The Fair Futures’ Youth Advisory Board (YAB) – comprised of 19 young adults impacted by the child welfare system – is engaged in an ambitious effort to ensure all youth exiting foster care in New York City have access to safe, high-quality, and integrated housing located in desirable communities.

 

Roughly 500 young adults exit foster care every year in New York City, on their own, not having been adopted or reunified with their birth families. Thrust into one of the most competitive housing markets in the world, studies have found that one fifth of the City’s foster youth experience homelessness within six years of leaving care.

 

With many of the YAB’s members struggling to find high quality housing themselves, the group decided to make the issue a top policy priority in 2024.

 

“Last year, our advocacy won more than $30 million in the City’s annual budget so that all foster youth have Coaches to help them thrive,” said YAB Director Anthony Turner. “This year we are focused on building on our success, and ensuring foster youth have access to the housing they deserve.”

 

This summer, the YAB, its parent organization The Center for Fair Futures, The Children’s Village, Good River Partners, and HR&A Advisors launched a research process aimed at delivering solutions on how to finance foster youth housing at scale.

 

HR&A Advisors, one of the nation’s preeminent real estate development and public policy consulting firms, is conducting an analysis focused on how to blend public and private capital and existing rental and service subsidies to provide youth with quality housing. Ten youth leaders engaged in a housing design fellowship to guide housing recommendations that they want to see. The final report will be released in early 2025 with the dual goals of driving policy change and serving as a blueprint for impact investing opportunities to develop foster youth housing. The effort is being supported by The Conrad N. Hilton Foundation and an anonymous funder.

 

The Children’s Village, a key partner, has pioneered mixed income housing development for NYC’s youth and families.
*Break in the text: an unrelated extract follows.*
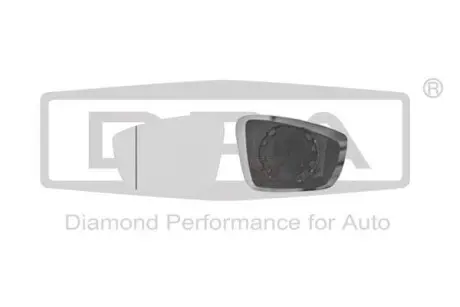 Елемент дзеркальний лівий (хром) VW Polo (10-)/Skoda CITIGO (11-)/Seat Mii (KF1) (11-) DPA 88571229802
Earlier this year, the nonprofit opened the doors of the Eliza, a 14-story, deeply affordable housing development in the desirable, racially integrated community of InwoodManhattan.

 

“Where you live and where your children go to school is the most dependable predictor of second-generation success in the United States,” said The Children’s Village’s President and CEO Jeremy Kohomban. “NYC’s children separated from family and now exiting foster care alone as young adults deserve to live in a location where I would live, nothing less.”

 

Good River Partners, a public benefit firm, is leading a national effort to scale housing for transition-aged foster youth.